Second part done in 16hours 21minutes. 104km in 24hours 29minutes

It was a well organized race, the organization is up to the international standards, every aspect of the event is well thought of, from the drop bag that is to be given to the runners,  to the runners booklet that was sent out before the race day containing all the details about the event, the choices of hotels that runners can stay, the buses that runners can avail to the event venue, the use of gps device, the very informative signages in every CP, a well stocked aid stations of different options of food and with lots of ice cubes, the ever ready volunteers to help runners, very visible and well placed trail markers, distance of aid station to the next is just right, roving marshals in motorcycle are very helpful especially to a runner like that is afraid of the barking stray dogs. The down side though, there's just too many roads. I mean I am not good in the trail but it is where I find my happiness. Probably that is what is the best that can be done on that side of Malaysia, the best that the organizer can look for a route on the trail rather than using too much road. 
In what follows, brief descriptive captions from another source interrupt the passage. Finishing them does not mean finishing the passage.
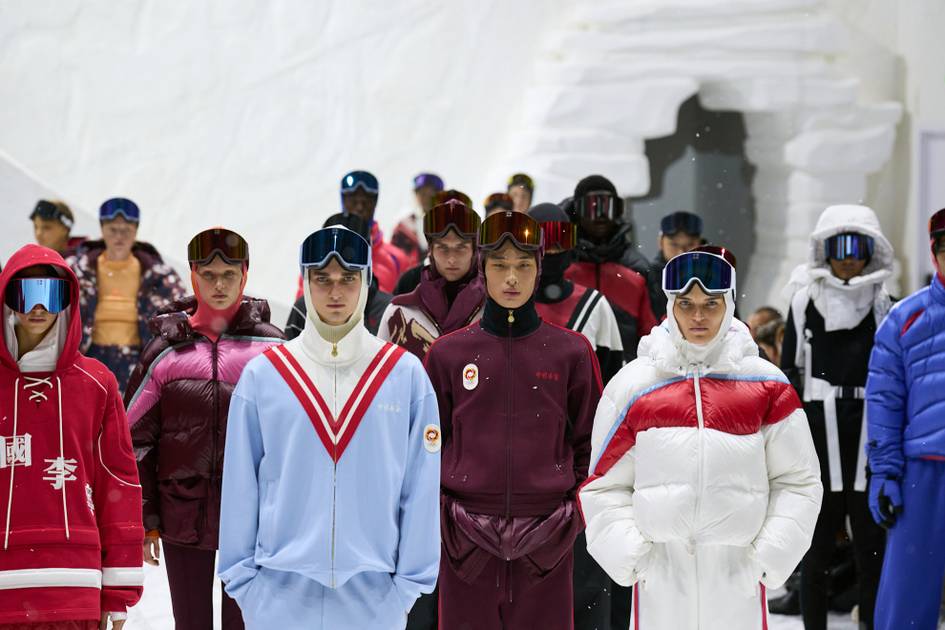 Li-Ning-entz-ndet-Olympisches-Feuer-in-Mailand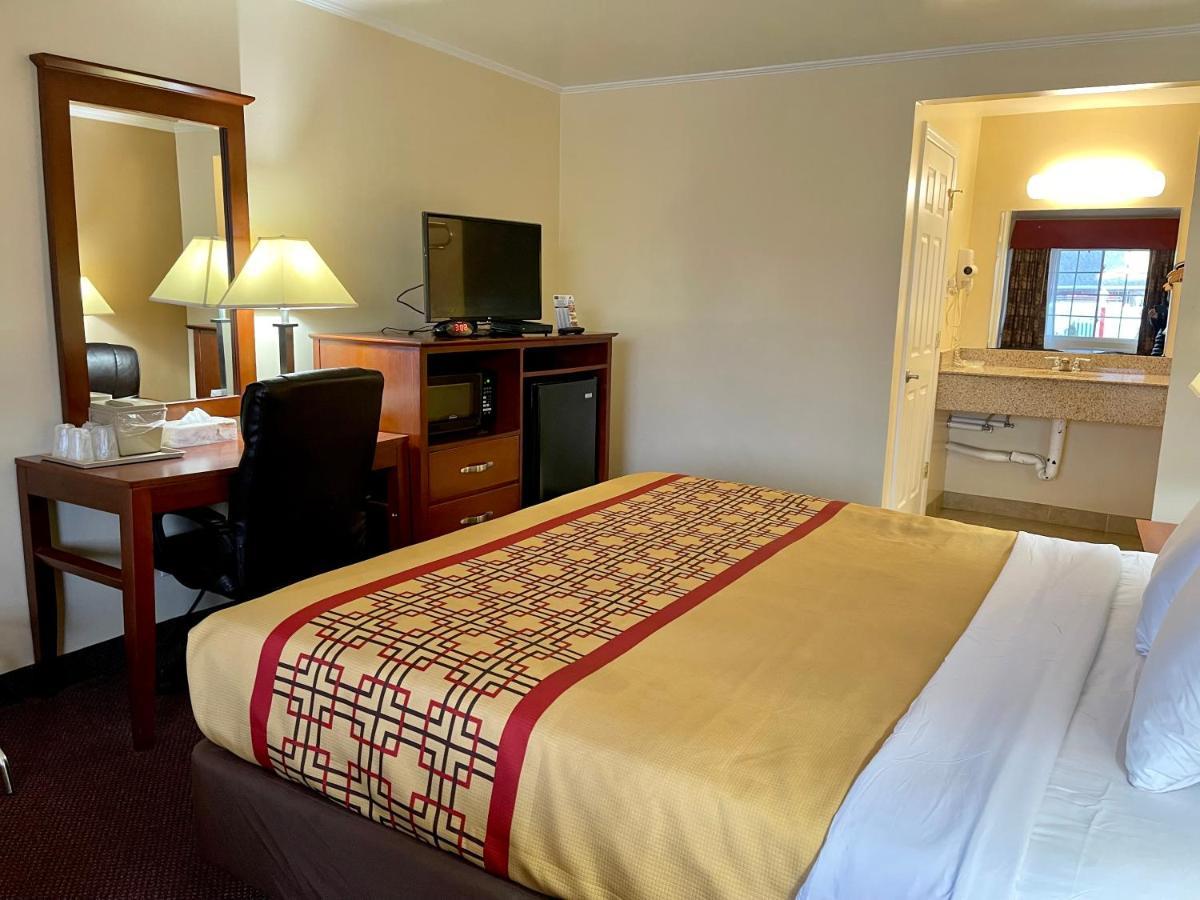 Passport Inn Somers Point - Somers Point Ngoại thất bức ảnh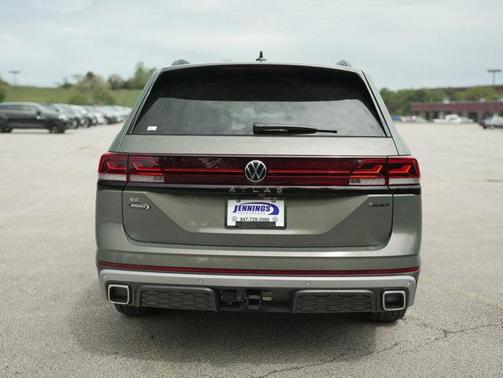 2025 Volkswagen Atlas 2.0T Peak Edition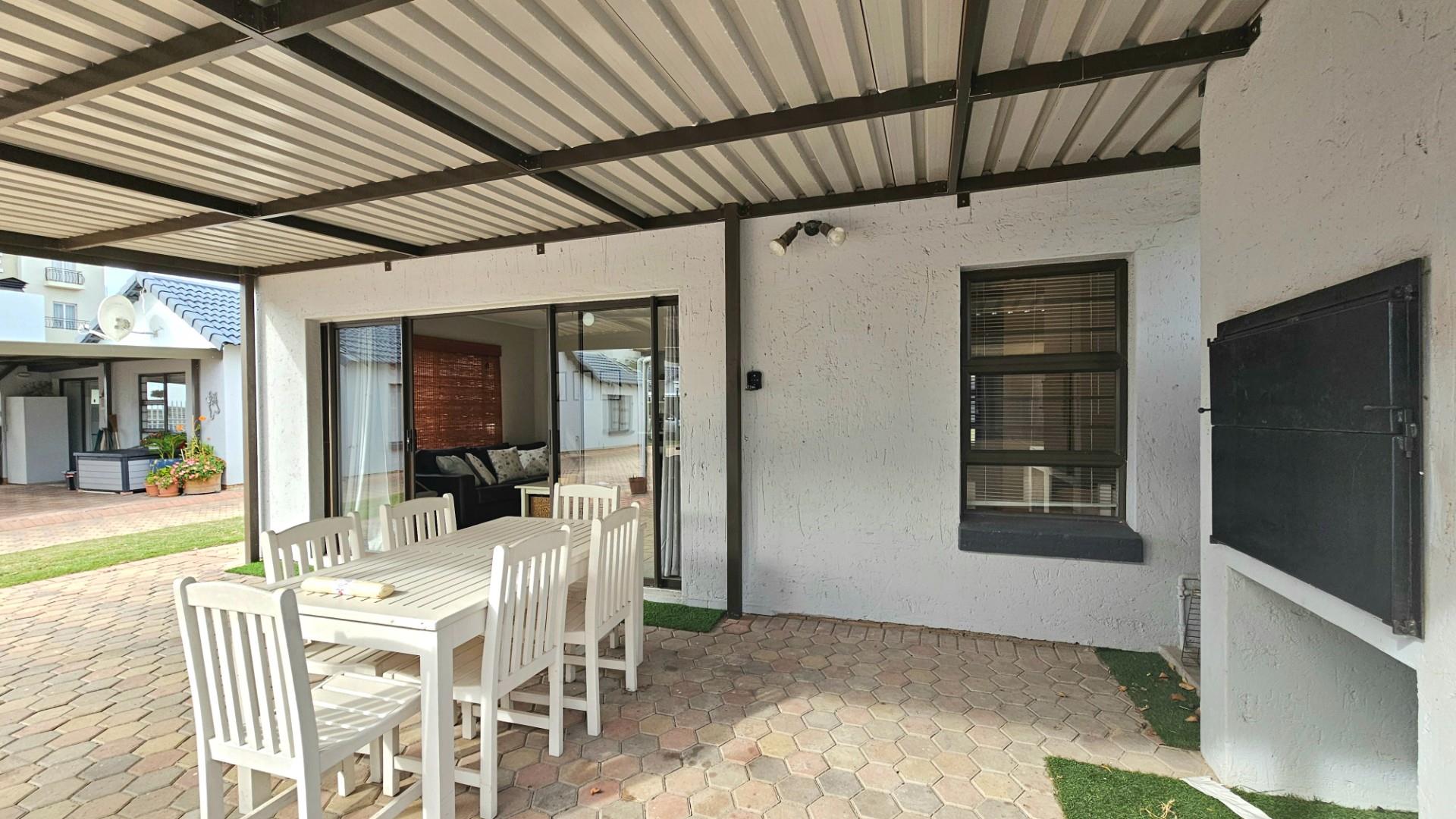 Duplex For Sale in Diaz Beach, Mossel Bay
But still I salute them to  strict implementation of rules, no head phone, no playing of music. Since there are more roads, blinkers should be a must in front and at the back of each runner for safety purposes most especially in the evening, to make the runner visible. The paper trail signs especially those that were scattered in the trail were not so good to the eyes, I wonder if there will be a cleanup of trail signs after the race. At the rope sections,  putting some knots a foot apart on the rope probably will be  helpful in order not to get rope burn, and marshals on few critical turns that runners missed a section this year. The food was great, the pansit was just too oily though and soup could be helpful at midpoint. Trekking pole will help runner a lot in the second part of the race. Have one if you plan to do this race.

Running is a very personal thing and runners join races with different goals, probably fulfill that dream of finishing the first 30km or first 100mile race. Over the years of running, I  personally believe  that running is more than just the finisher medal and finisher shirt that one collects after a race, it’s the community that you share the journey with that adds meaning to what one is doing, and that includes having a hand shake from the RD after finishing a long journey. This really is just very minute detail of a race and a personal preference, a personal opinion. Not many races does this in fact only very few races.

The race. The race for me sums up the many races that I joined in this country. The flat terrain that goes through the palm, rubber,  fruit trees reminds me so much of TMMT and Sungai, the heat and open spaces is like Sungai and the road section especially with fast moving vehicles reminds me so much of C2C. The muddy trail and the long road descent from the top reminded me of MMTF.

I finished the race without blisters despite the scorching heat and torrential rain. No issues with my stomach too. Another race ticked off from my list. I thank Alen, Razif, Rene for all the help and I thank God for all the strength.

Congratulations Endurance Nature for another successful event.